It had taken Bol, a Dinka tribesman, six days by train to travel the 600 miles to Khartoum from his home village of Gogrial in the savanna country west of Sudan's vast, central swamp, the Sudd. Basketball was a relatively new game to Bol, who had been playing it for two years around Gogrial, but Feeley was struck by the way Bol could dunk while standing on tiptoes and touch both sides of the backboard simultaneously. "Manute [pronounced sort of like minute, as in tiny] had a six-foot wingspan," recalls Feeley. Probably because Bol distributed all that body on a mere 190-pound frame, Feeley's expectations for him were modest: "I thought of him more as the next Bill Russell than Wilt Chamberlain."

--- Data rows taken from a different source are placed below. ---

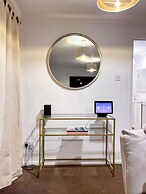 Immaculate 2-bed Apartment in Rochester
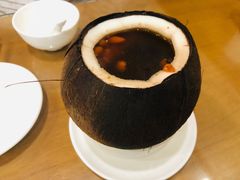 黑豆家鸡炖原只椰子汤-大唐靓汤江门私房菜(景田店)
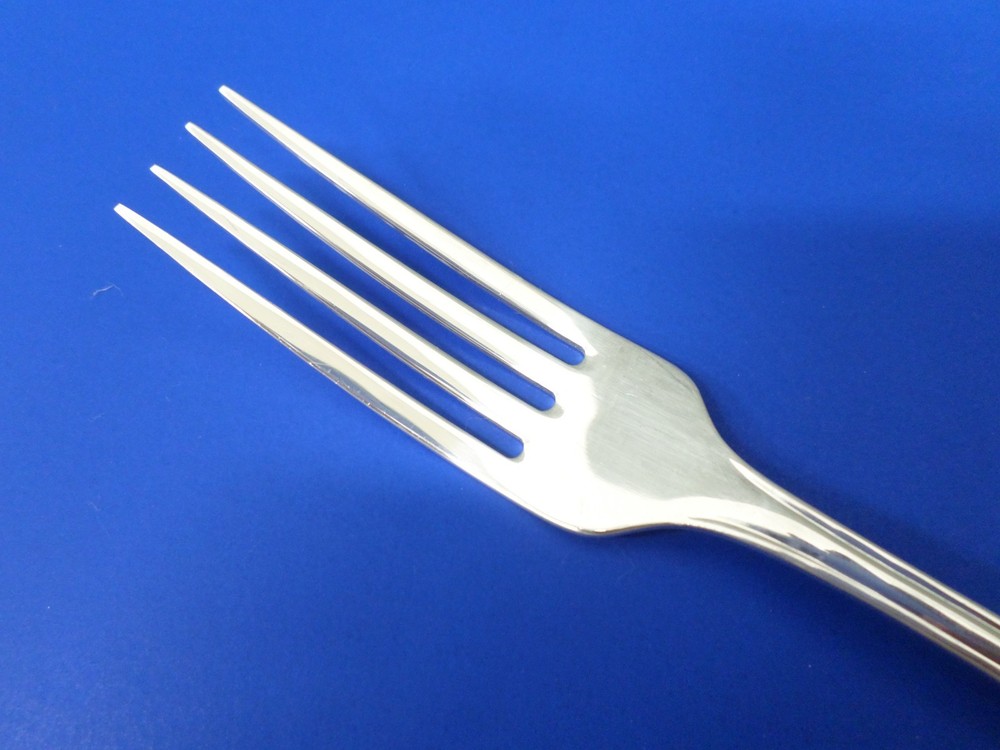 4 - Oneida Community SILVER CLARETTE Glossy Silverplate Flatware DINNER FORKS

Feeley showed Bol which basket he should slam balls into and which basket to bat them away from. Now, Bol has it down pretty well. Since that fateful journey to Khartoum, he has followed the bouncing ball to Cleveland and Connecticut, where he's now a freshman at the University of Bridgeport. In his college debut on Nov. 19 he scored 20 points, had 20 rebounds and blocked six shots in a 75-63 victory over Stonehill College of North Easton, Mass. At the end of last week he was averaging 19.8 points, 16.5 rebounds and 8.5 blocks through four games, all of which Bridgeport had won.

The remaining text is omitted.